Feng Cangwu benar-benar seorang bangsawan di antara keluarga Hua. Dengan wawasan yang luas, ia telah menyentuh terlalu banyak hal yang tidak biasa, yang dapat sangat mengejutkan para pendengarnya.

Zhang Tie tidak memberi tahu orang lain tentang identitas asli Feng Cangwu. Oleh karena itu, para guru lain di keluarga Zhang Tie agak bermusuhan dengan Feng Cangwu pada awalnya. Mereka bahkan ingin “bersaing” dengannya dalam hal pengetahuan. Setelah Feng Cangwu dengan santai menampilkan ritual minum teh yang sempurna di depan para guru lain, para guru lain sangat menghormati Feng Cangwu dan memperlakukannya seperti dewa. Mereka kemudian mulai memanggilnya Guru Feng. Akibatnya, ketika Feng Cangwu mengajar anak-anak Zhang itu, semua guru juga mendengarkan dengan ekspresi haus akan pengetahuan.

Zhang Tie merasa terhormat. Semua pengetahuan dan pengakuan Feng Cangwu adalah hasil prestasi pendidikan Sekte Keberuntungan Langit. Sebagai salah satu dari tujuh sekte teratas di Negara Taixia, setiap murid Sekte Pencapaian Langit bisa menjadi marshal Kekaisaran Norman di Sub-benua Waii. Latar belakang yang begitu mendalam tidak akan pernah bisa ditandingi oleh orang biasa. Ketika anak-anak Zhang menerima pendidikan dari Feng Cangwu, itu sama saja dengan mereka menikmati buah pendidikan Sekte Keberuntungan Langit secara tidak langsung. Kesempatan langka seperti itu bahkan tidak bisa dibeli di pasaran.

Feng Cangwu dengan cepat memperkuat posisinya di keluarga Zhang. Dia tinggal di halaman terpisah sambil dilayani oleh 4 pelayan. Bahkan orang tua Zhang Tie sangat menghormatinya.

Setelah beberapa tahun datang ke Taixia, orang tua Zhang Tie juga secara bertahap lebih mengenal Negara Taixia. Menurut ayah Zhang Tie, guru seperti Feng Cangwu mungkin mendapatkan sesuatu dengan keberuntungan, tetapi bukan dengan mencarinya di klan-klan besar Negara Taixia.
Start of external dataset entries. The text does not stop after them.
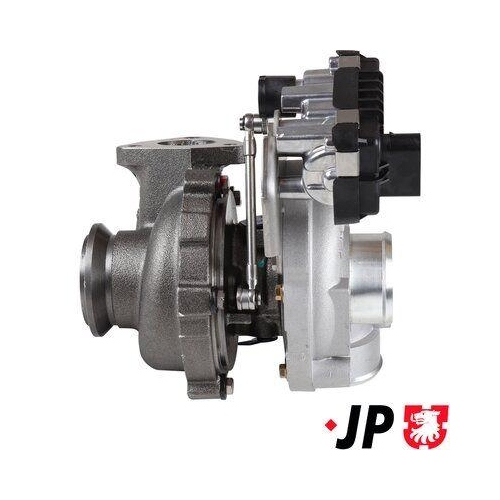 JP GROUP Lader, Aufladung JP 1217400700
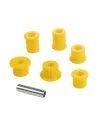 Kit silent blocs polyuréthane lame Wrangler YJ OLD MAN EMU -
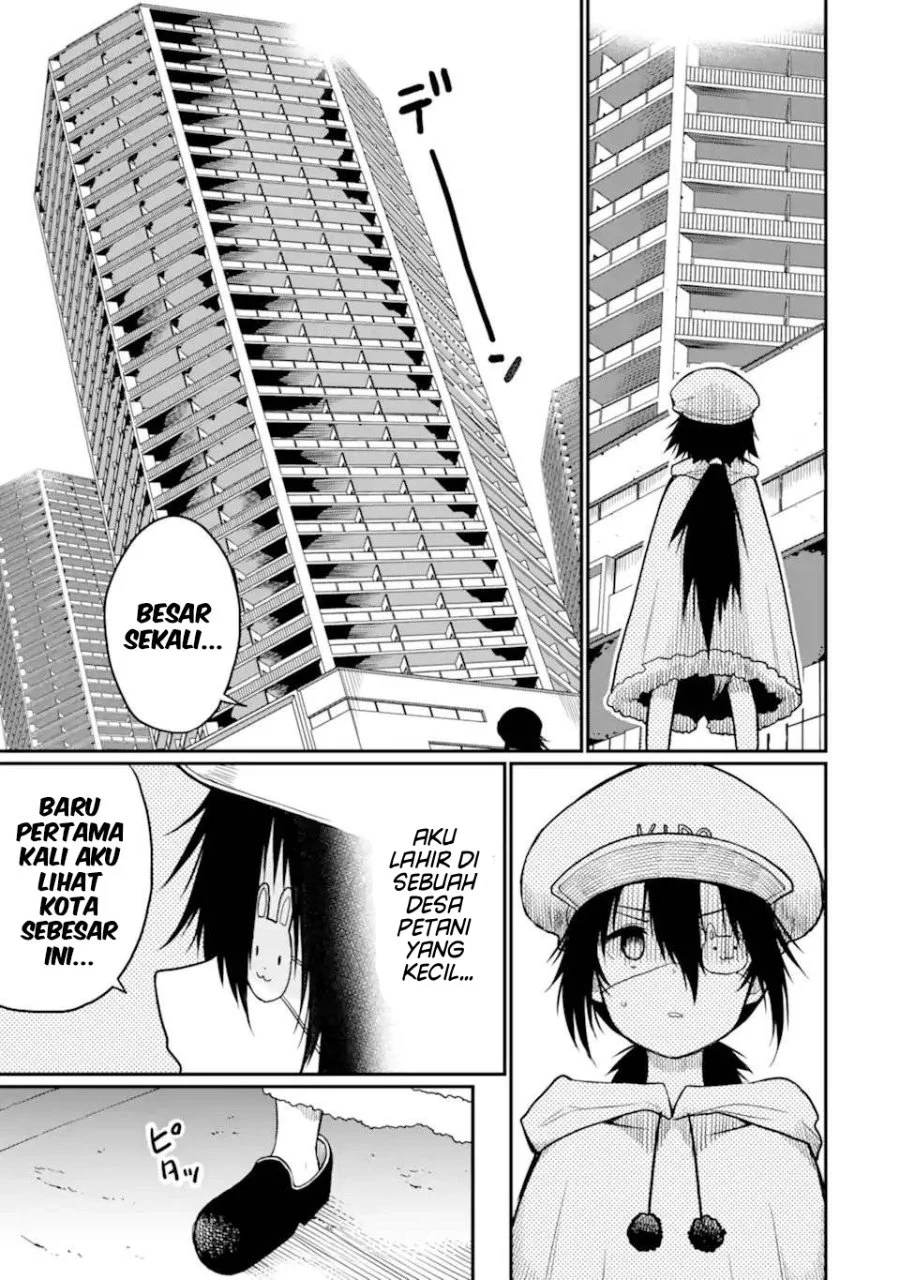 Hoshokusha Kei Mahou Shoujo Chapter 19 Gambar 6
Tanpa kompensasi ratusan ribu koin emas per tahun, mereka tidak akan pernah bisa memiliki guru seperti itu. Sosok seperti itu selalu menjadi tokoh penting di sebuah provinsi.

Selain mampu menggigit Feng Cangwu sampai mati, bahkan Zhang Tie harus mengakui bahwa dia hanyalah orang desa dalam banyak hal dibandingkan dengan Feng Cangwu.

Setelah mendengar pertanyaan Feng Cangwu, Zhang Tie berbalik dan meliriknya. Setelah itu, dia menjawab sambil tersenyum, “Aku khawatir Partai Pemakan akan merasa tidak nyaman di mana pun aku berada!”

“Terlalu berbahaya. Meskipun kau akan menuai banyak, kau harus membayar harga yang mahal untuk itu. Ketika Partai Pemakan menyadari hal itu, mereka pasti akan melawanmu sampai mati. Sebelumnya, Partai Pemakan terutama menargetkan Istana Huaiyuan; mulai saat itu, mereka akan terutama menargetkanmu.”

Zhang Tie melambaikan tangannya dan berkata dengan santai, “Aku tidak peduli, aku percaya bahwa Tuhan memberkati orang baik!”

Feng Cangwu melirik Zhang Tie karena dia tidak menyangka Zhang Tie bisa mengatakan ini. Sebagai ksatria yang biasanya mengendalikan nasib mereka sendiri; namun, Zhang Tie tampak riang. Bagaimana mungkin dia menghibur dirinya sendiri seperti yang biasanya dilakukan orang biasa? Saat ini, kesombongan yang ditunjukkan Zhang Tie di Pesta Dansa Langit 3 bulan lalu seperti singa yang bermutasi telah lenyap.

‘Adegan di mana dia memperlihatkan taring tajamnya, menggigit leherku satu demi satu dan menelannya selalu muncul dalam mimpiku selama 3 bulan terakhir. Akibatnya, aku selalu mengalami mimpi buruk yang paling mengerikan, yang juga menjadi penghalang mentalku. Namun, orang ini mengatakan kepadaku bahwa Tuhan memberkati orang baik yang menghadapi musuh yang kuat?’ Feng Cangwu tidak pernah percaya bahwa itu adalah pikiran Zhang Tie yang sebenarnya.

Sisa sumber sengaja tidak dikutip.